VKMZ 1.4dev2

VKMZ is a metabolomics prediction and vizualization tool which creates van Krevelen diagrams from mass spectrometry data. A van Krevelen diagram (VKD) plots a molecule on a scatterplot by the molecules oxygen to carbon ratio (O:C) against it's hydrogen to carbon ratio (H:C). Classes of metabolites cluster together on a VKD [0]. Plotting a complex mixture of metabolites on a VKD briefly conveys untargeted metabolomics data.

Documentation

Input Data

VKMZ is designed to use W4M-XCMS [1] or tabular data as input.

W4M mode requires three files which W4M's XCMS wrapper generates: the data matrix, sample metadata, and variable metadata files.

Tabular mode requires a tab delimited file with the first five columns being: sample_id, polarity, mz, retention_time, and intensity.

Advanced Input Options

Override polarity allows users to set the polarity of all features to either Positive or Negative. Set this if input does not contain the correct polarity information. This option should not be used if data contains both positive and negative polarity.

Neutral disable mass adjustment of features in case nominal exact mass information is present instead of m/z.

Prediction Options

For each feature VKMZ attempts to predict a molecular formula by comparing the feature's uncharged mass to a database of known formula masses. A prediction is made when a known mass is within a mass error of observed, uncharged, mass. VKMZ finds all predictions for an observed mass within a specified mass error. The prediction with the lowest delta (absolute difference between observed and known mass) is plotted. Features without predictions are discarded. Using low resolution data may result in finding too many predictions per feature to be useful, especially for large mass metabolites.

Mass error sets the mass error in parts per million. Mass error will be specific to your mass spectrometer, calibration and other methods. Mass error can be approximated by running similar methods with targeted standards with a range in mass.

Database can be set to the provided heuristically generated databases for unlabeled and labeled molecules [2] or to a custom database.

Tabular Output

Tabular output contians the columns: sample_id, polarity, mz, rt (retentnion time), intensity, predictions (list of list-elements which contains: predicted mz, predicted formula, and predicted delta), hc (hydrogen to carbon ratio), oc, nc.

HTML Output

The HTML web page is an interactive van Krevelen diagram for exploring data.

Predicted features are plotted as circle symbols.

Min Size and Max Size sets the minimal and maximum area of symbols (absolute scaling).

The Sizer dropdown sets the algorithm to size each symbol.

Uniform sets the symbols of all features to the Max Size.
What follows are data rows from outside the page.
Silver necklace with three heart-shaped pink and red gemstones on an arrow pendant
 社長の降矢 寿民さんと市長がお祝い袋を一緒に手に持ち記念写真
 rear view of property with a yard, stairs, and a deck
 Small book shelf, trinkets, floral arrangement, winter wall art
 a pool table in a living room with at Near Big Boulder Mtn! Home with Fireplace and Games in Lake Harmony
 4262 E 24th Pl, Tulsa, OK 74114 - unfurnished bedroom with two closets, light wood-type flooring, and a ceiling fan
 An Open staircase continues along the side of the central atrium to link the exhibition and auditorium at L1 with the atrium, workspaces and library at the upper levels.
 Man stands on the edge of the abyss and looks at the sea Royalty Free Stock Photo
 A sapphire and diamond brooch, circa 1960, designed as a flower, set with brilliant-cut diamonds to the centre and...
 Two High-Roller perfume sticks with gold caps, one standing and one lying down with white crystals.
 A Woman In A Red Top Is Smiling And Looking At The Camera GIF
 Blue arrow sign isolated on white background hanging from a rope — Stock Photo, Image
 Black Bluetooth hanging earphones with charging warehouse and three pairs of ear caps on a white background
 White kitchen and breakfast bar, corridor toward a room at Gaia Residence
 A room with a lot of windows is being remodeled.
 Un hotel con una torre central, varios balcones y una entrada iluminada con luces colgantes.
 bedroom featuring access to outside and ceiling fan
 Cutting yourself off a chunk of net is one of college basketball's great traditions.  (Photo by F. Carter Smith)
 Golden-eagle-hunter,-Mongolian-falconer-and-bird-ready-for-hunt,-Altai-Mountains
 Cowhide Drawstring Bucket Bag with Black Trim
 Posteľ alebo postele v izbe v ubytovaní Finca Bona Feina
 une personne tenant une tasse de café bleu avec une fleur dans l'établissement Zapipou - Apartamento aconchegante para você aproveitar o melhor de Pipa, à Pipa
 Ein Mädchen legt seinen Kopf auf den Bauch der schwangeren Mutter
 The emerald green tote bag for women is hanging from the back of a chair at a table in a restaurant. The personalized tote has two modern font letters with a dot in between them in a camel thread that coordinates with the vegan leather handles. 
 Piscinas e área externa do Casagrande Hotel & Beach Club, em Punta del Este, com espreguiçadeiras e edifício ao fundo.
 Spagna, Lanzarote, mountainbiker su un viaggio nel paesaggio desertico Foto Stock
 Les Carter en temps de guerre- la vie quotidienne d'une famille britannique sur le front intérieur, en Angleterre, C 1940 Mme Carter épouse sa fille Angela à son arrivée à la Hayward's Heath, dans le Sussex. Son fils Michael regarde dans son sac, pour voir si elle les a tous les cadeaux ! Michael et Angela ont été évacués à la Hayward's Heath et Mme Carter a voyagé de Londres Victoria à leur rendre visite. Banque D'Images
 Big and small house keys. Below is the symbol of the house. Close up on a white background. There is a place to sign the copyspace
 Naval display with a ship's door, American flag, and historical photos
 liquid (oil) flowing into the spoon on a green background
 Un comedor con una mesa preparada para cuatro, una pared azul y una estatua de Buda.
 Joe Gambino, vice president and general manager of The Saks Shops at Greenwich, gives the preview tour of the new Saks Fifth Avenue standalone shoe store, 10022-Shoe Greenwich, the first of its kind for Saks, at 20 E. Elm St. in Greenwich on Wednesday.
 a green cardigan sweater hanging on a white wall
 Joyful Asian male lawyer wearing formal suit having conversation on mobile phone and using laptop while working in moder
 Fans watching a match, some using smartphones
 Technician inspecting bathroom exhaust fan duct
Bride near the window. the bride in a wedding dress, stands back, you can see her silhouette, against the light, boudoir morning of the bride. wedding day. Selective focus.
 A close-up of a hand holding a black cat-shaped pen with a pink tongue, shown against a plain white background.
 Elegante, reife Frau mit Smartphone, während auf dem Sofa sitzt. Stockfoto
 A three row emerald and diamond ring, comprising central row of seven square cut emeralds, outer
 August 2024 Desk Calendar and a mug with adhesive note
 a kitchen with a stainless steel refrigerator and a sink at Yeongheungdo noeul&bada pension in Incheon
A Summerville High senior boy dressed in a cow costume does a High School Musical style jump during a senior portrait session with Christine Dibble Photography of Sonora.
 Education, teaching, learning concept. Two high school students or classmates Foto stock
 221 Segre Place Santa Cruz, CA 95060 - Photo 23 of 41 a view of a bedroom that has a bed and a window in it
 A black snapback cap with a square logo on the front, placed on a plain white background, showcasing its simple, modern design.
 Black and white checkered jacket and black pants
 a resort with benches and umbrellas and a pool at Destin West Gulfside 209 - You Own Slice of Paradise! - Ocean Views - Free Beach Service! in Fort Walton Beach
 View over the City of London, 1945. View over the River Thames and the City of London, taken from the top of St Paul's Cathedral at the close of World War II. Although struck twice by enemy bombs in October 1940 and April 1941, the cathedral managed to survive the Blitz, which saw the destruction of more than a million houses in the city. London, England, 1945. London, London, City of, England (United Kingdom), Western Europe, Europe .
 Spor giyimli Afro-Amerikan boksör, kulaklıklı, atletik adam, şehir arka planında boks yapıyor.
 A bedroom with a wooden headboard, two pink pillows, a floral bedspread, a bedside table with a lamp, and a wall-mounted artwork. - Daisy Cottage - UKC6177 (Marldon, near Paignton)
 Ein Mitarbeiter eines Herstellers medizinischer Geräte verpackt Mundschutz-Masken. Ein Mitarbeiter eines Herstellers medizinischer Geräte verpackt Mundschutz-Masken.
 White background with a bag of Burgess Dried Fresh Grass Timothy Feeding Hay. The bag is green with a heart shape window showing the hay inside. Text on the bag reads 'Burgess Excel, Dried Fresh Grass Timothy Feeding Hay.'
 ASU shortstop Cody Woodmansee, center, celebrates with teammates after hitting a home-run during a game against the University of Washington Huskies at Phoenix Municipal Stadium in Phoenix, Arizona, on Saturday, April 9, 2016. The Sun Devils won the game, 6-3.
Relative Intensity sets the symbol size of each feature by the feature's intensity divided by the maxium intensity in the dataset mutiplied by the Maxium Symbol Size.

Relative Log Intensity sets the symbol size of each feature by the feature's log intensity divided by the maxium log intensity in the dataset mutiplied by the Maxium Symbol Size.

Threshold is a slider which removes low-intensity features. The slider exponentially scales.

Setting the slider to 50% removes features with intensities lower than 25% of the maximum inensity.

Setting the slider to 75% removes features with intensities lower than 50% of the maximum inensity.

x-axis and y-axis allow setting axis to alternate elemental ratios.

Opacity sets the opacity of feature symbols.

Visible Samples sets the visibility of features from given sample IDs. Checked samples are visible. By default all samples are visible.